As massas desembarcaram no Bel Paese, no século XIV, levadas da China pelo mercador veneziano Marco Polo (1254 – 1324), e os tomates chegaram do Novo Mundo, a partir do século XVI, trazidos nos galeões da Espanha, controladora, à época, da Itália meridional. A descoberta das Américas brindou muitas novidades aos europeus, entre as quais, para além do tomate, a batata, milho, cacau, peru e tabaco. Entretanto, a rigor, foram os portugueses que mudaram, há mais de 500 anos, o sabor do Velho Mundo, transportando do Extremo Oriente, em suas caravelas, os extraordinários temperos culinários, as especiarias, como a pimenta, a canela, o cravo e a noz moscada, encontradas na Índia e nas inúmeras ilhas da Indonésia.
O bem-sucedido domínio lusitano do comércio na Ásia, obviamente, causou inveja às demais nações da Europa e, por isso, nos albores do século XVII, seriam criadas as legendárias Companhias das Índias Orientais, com recursos privados, ao contrário dos empreendimentos portugueses, administrados diretamente pela Coroa de Lisboa. O advento das companhias das Índias seria a origem do capitalismo globalizado, segundo vários estudiosos, inclusive o escocês Adam Smith (1723 – 1790), considerado o pai da Economia moderna.
A pioneira das companhias foi fundada na Inglaterra, em 1600, por iniciativa de comerciantes de Londres, a prestigiosa East India Company, gerida, em grande parte, contudo, pela soberana Elizabeth I (1533 – 1603) – a vetusta Rainha Virgem. Todas as possessões da EIC seriam transferidas para a Coroa Britânica, em 1858, com o fechamento da companhia, integrando seu vastíssimo Império. A segunda empresa de comércio marítimo privado seria constituída, em 1602, em Amsterdam, a holandesa Vereenigde Ootindische Compagnie, a renomada VOC, na esteira da proclamação da calvinista República das Sete Províncias Unidas, em 1581, após os protestantes abolirem a Monarquia católica dos Habsburgo nos Países Baixos.
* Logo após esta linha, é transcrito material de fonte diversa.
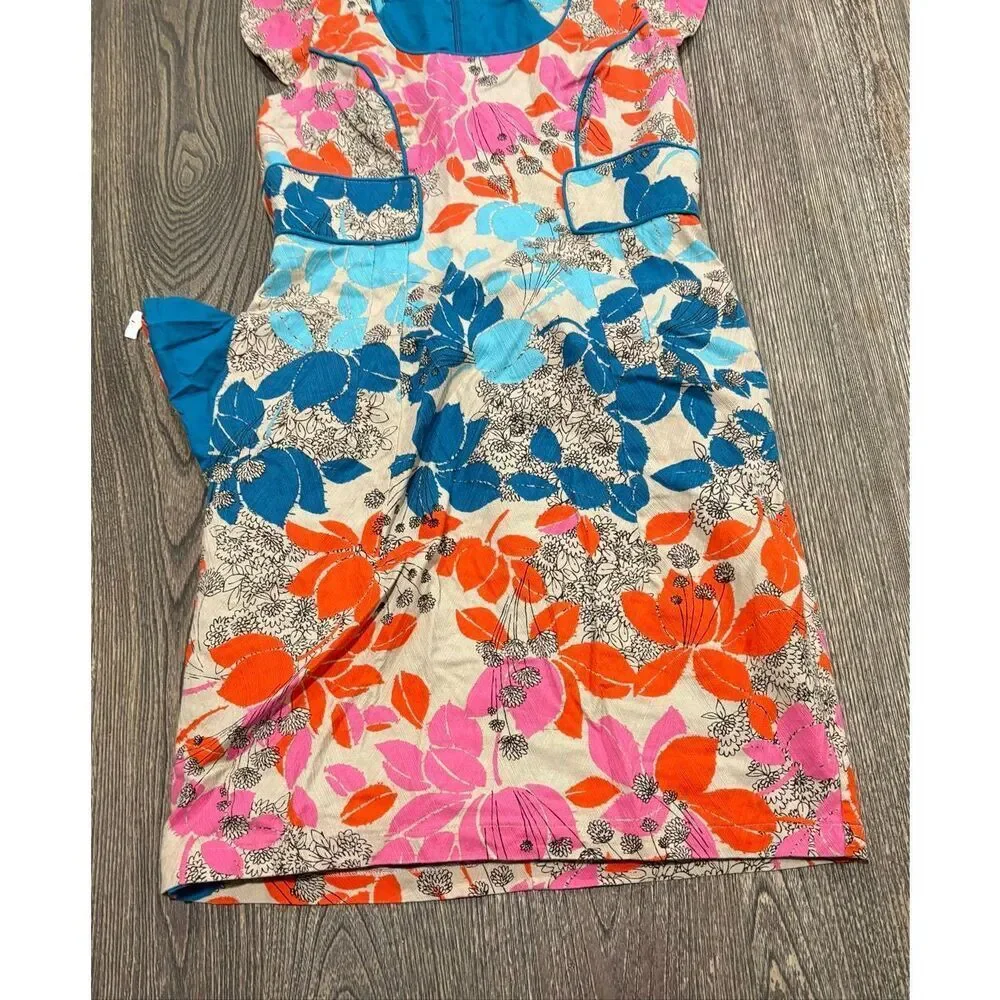 Jessica Simpson Sheath Dress Mini Square Neck Floral Print Multicolor Size 6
Os neerlandeses estenderam ao outro lado do mundo o confronto contra os Habsburgo de Viena d’Áustria e, em consequência, ocuparam diversos territórios lusitanos na Ásia – porque Portugal, de 1580 a 1640, estava sob tutela da dinastia austríaca que reinava em Madri. A sede da VOC no Extremo Oriente era na atual capital da Indonésia, Jacarta, denominada então Batávia. A companhia holandesa existiu até 1799. E, por fim, em 1664, foi estabelecida, em Paris, a Compagnie Française des Indes, a CFI, anexando regiões no Golfo de Bengala, que, anteriormente, eram feitorias lusas. Sua sede, na Índia, era na cidade Pondichéry. Passou à História um dos governadores-gerais da CFI, o indiano Ananda Ranga Pillai (1709 – 1761), autor de curiosos diários sobre a vida naquele tempo na Índia. Ilustra a coluna, justamente, um exótico retrato de Pillai na capa da preciosa revista parisiense “L’Histoire”.
O capitalismo globalizado consolidaria o paladar multinacional, faria a fortuna dos comerciantes ingleses, holandeses e franceses, e, no auge das companhias, os tornaria, como observou Adam Smith, mais poderosos que seus próprios Estados.